Should You Invest in Infrastructure?


According to the National Oceanic and Atmospheric Administration, 2017 was the costliest year on record for natural disasters in the United States. Wildfires in the western states, combined with Hurricanes Harvey, Irma and Maria and other severe weather incidents, led to $309 billion in damage. And 2018 has already seen numerous floods, tornadoes and wildfires, and the ongoing volcanic eruption on the island of Hawaii. These events, along with other recent disasters and an ever-growing backlog of deferred maintenance, underline the need for infrastructure upgrades in the United States, which may provide opportunities for real estate investors.

Create a reliable income stream

Many developed countries—such as the United States and Great Britain—and developing countries will need to extend or revamp their infrastructures in the near future. With many governments still strapped for cash, the door is wide open for private investors to get involved in financing infrastructure construction and repair. 

Whether it’s for bridges and dams, railways and roads, waste disposal, telecommunications, power stations, pipelines or ports, these projects need financial backing. Infrastructure funds can help investors do just that.

Infrastructure funds may offer a safer, more dependable income stream than other types of investment options. Many infrastructure assets have a virtual monopoly on the markets. And the large monetary investment required to develop most infrastructure assets makes it unlikely that competing assets will be built.

Unfortunately, the distinct opportunities presented by infrastructure investing come with unique challenges. Industry growth and consolidation, new investment products, government intervention and regulatory changes could affect infrastructure investors in years to come. Asset-specific risks relating to the design, construction and operation of infrastructure assets pose additional challenges.

Consider ETFs

Because of the related risk and high capital requirements for infrastructure projects, investors may want to consider accessing this unique asset class through index-based securities such as exchange traded funds (ETFs). These funds trade like stocks on an exchange and offer diversity similar to that of mutual funds. 

But unlike mutual funds—which try to outperform the market—ETFs sync with a major market index and investors can trade them intraday or in after-market sessions. Because they’re passively managed, ETFs also offer lower administrative expenses and fees than do mutual funds.

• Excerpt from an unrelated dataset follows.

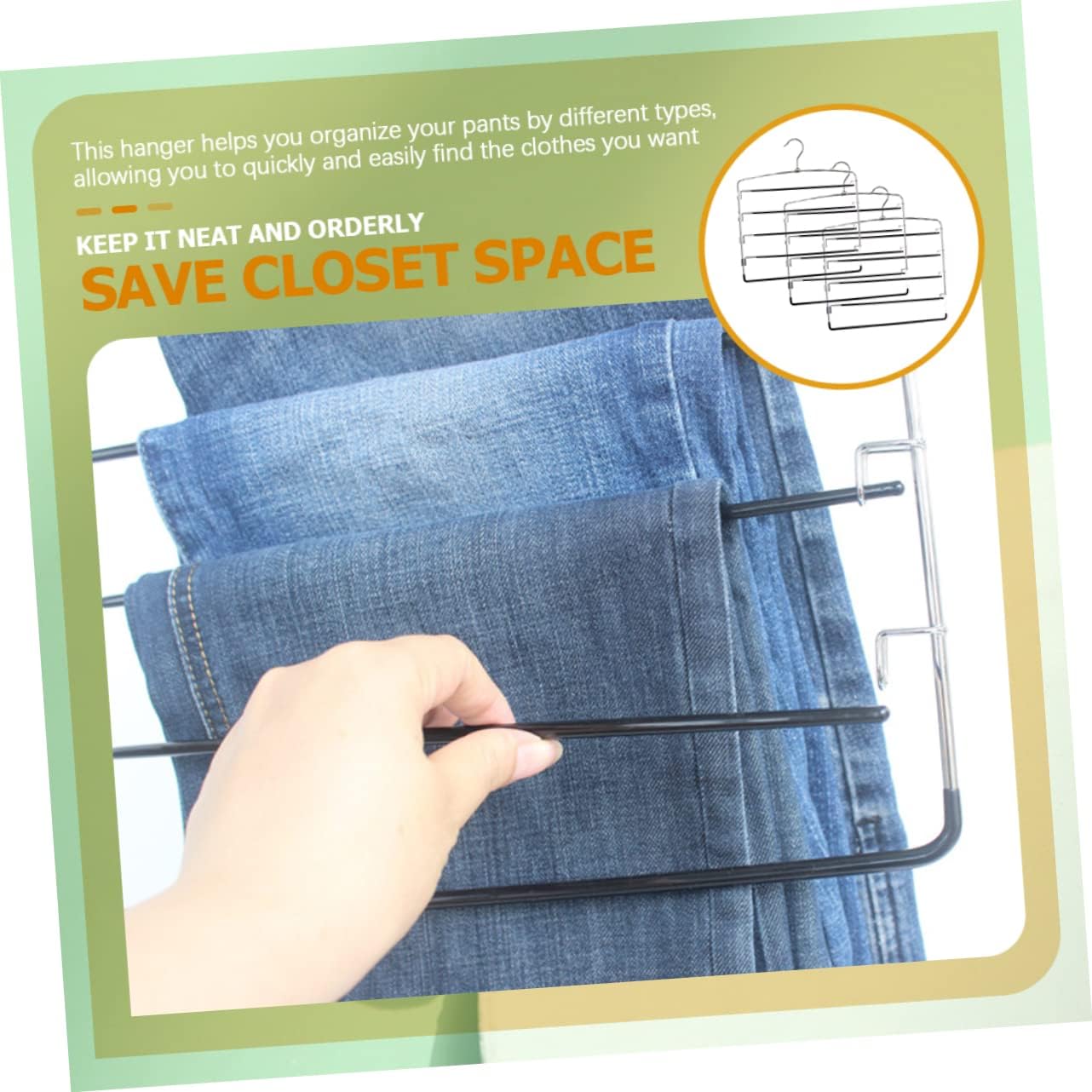 CHILDWEET 5-Tier Metal Pants Hangers Non-Slip Skirt Storage Rack Rotating Hook 3pcs Heavy Duty Closet Organizer for Jeans and Trousers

Infrastructure ETFs mimic the performance of certain indexes, such as the S&P Global Infrastructure Index and the Macquarie Global Infrastructure 100 Index. These indexes are designed to help investors track infrastructure companies, monitor fund performance and simplify investment in ETFs. 

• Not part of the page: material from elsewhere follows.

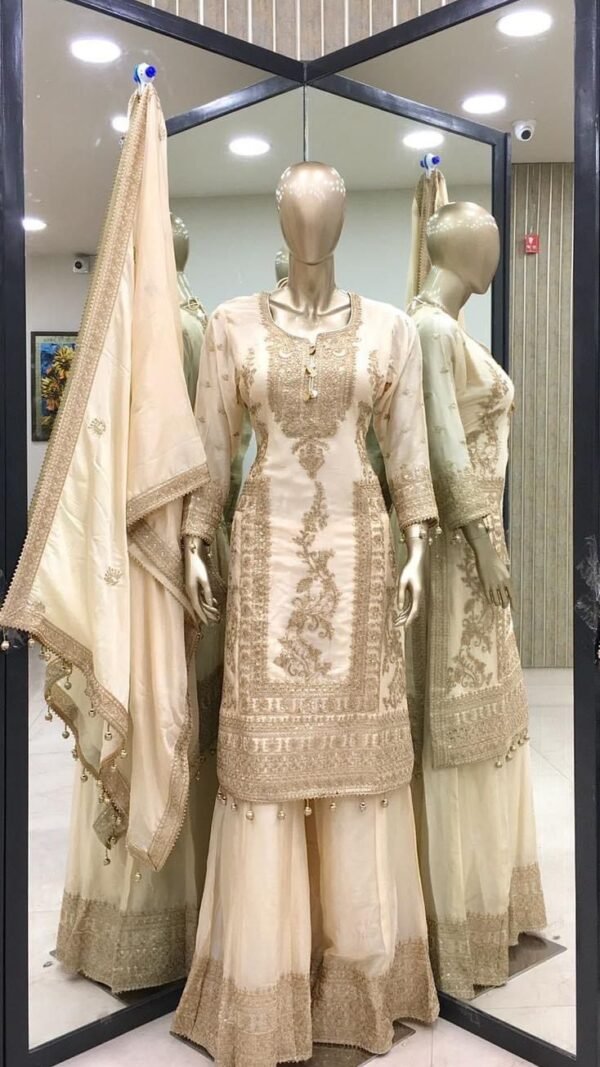 White Colour Pur Chinon Silk With Embroidery Suit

With their many attributes, infrastructure ETFs may warrant attention from investors interested in defensive, high-yield securities. Infrastructure investing isn’t without risk, however. Rates of return vary significantly from project to project, and, even though infrastructure is somewhat insulated, it isn’t immune to the ebb and flow of economic tides.

Proceed cautiously

Having completed tax reform, the Trump administration has stated it’s looking to tackle infrastructure sometime after the midterm election in November of this year. While infrastructure ETFs aren’t new, it’s important that you conduct thorough due diligence if you decide they’re right for your real estate business. Be sure to consult with your financial advisors and legal counsel to have a comprehensive understanding of the risks and rewards.